======== Dataset content
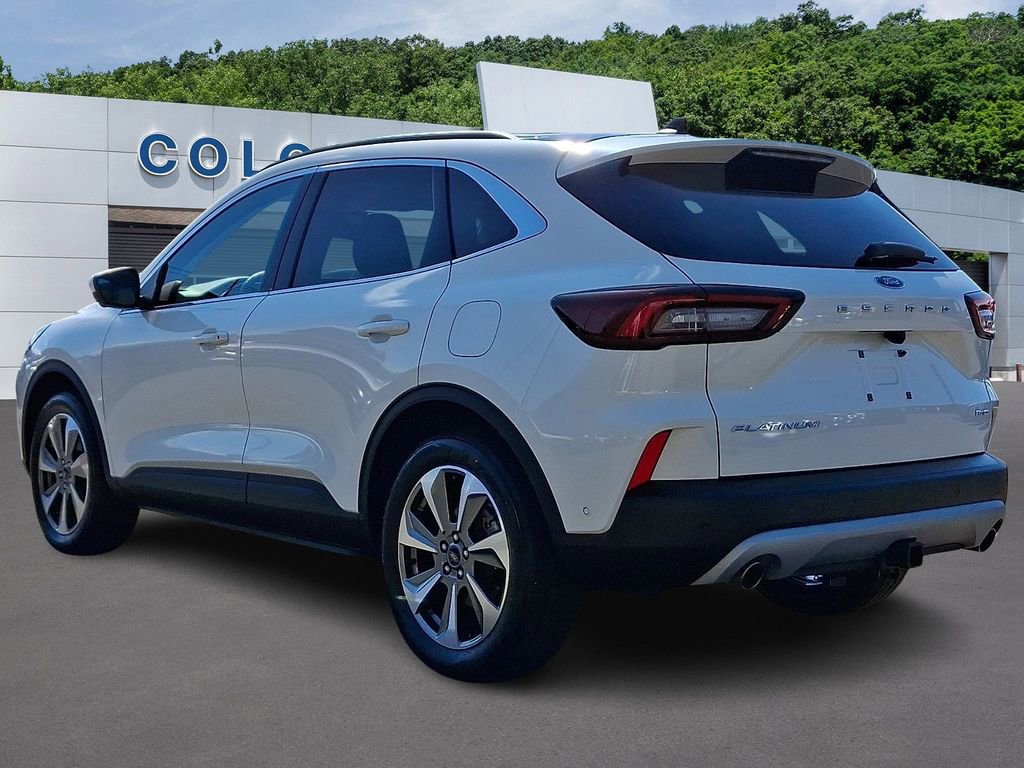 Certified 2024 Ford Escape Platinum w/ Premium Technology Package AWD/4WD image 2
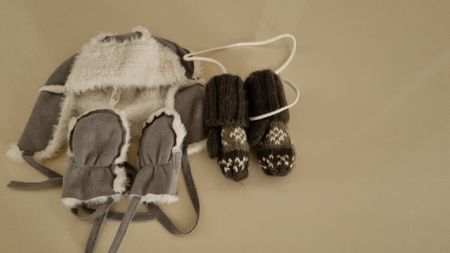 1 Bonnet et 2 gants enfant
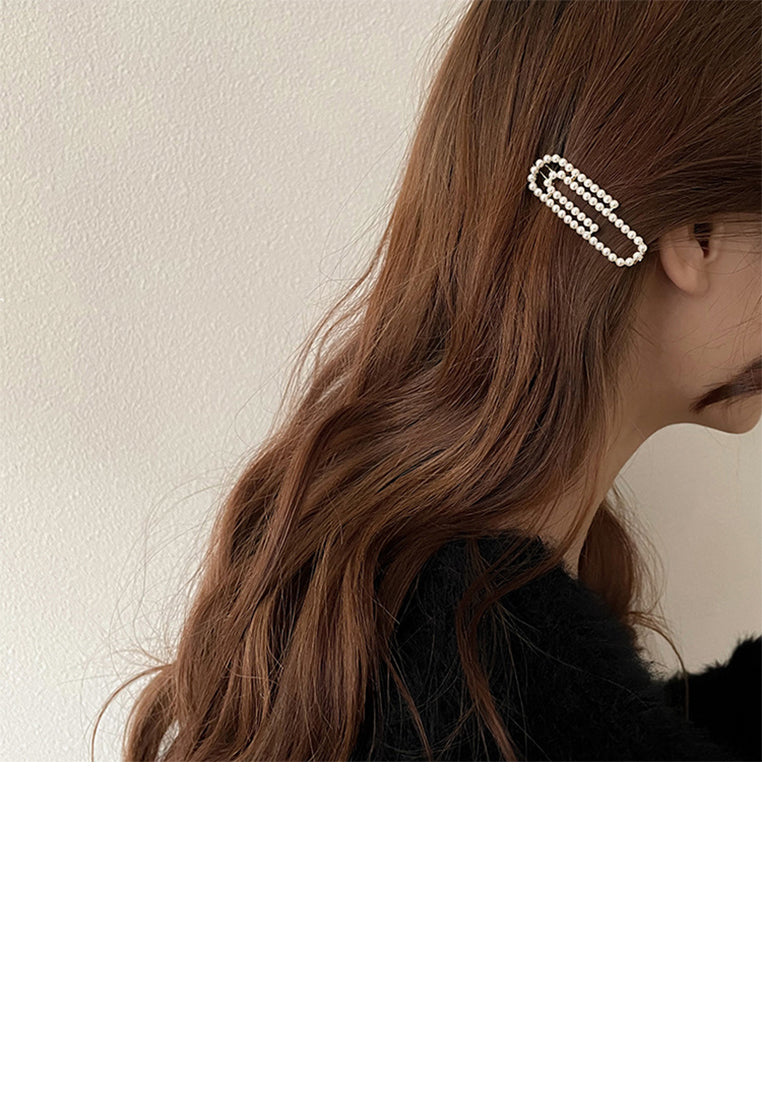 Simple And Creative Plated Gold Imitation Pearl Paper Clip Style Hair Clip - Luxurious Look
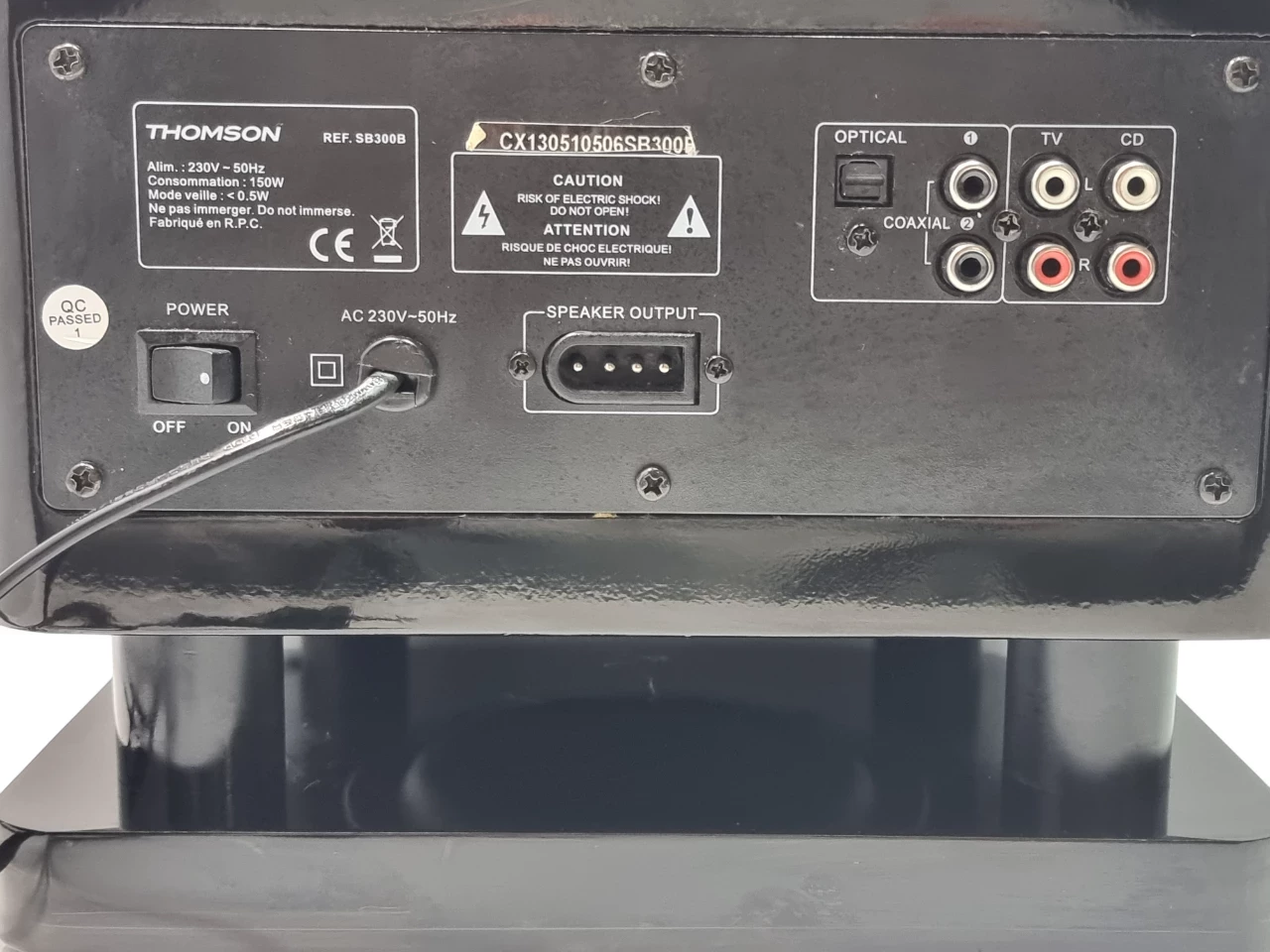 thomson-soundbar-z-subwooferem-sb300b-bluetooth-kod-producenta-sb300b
================
Prompt
Every line from the start of the listing above through the line with "Simple And Creative" should be repeated exactly; skip the pictures and add nothing else.

Solution below
 Certified 2024 Ford Escape Platinum w/ Premium Technology Package AWD/4WD image 2
 1 Bonnet et 2 gants enfant
 Simple And Creative Plated Gold Imitation Pearl Paper Clip Style Hair Clip - Luxurious Look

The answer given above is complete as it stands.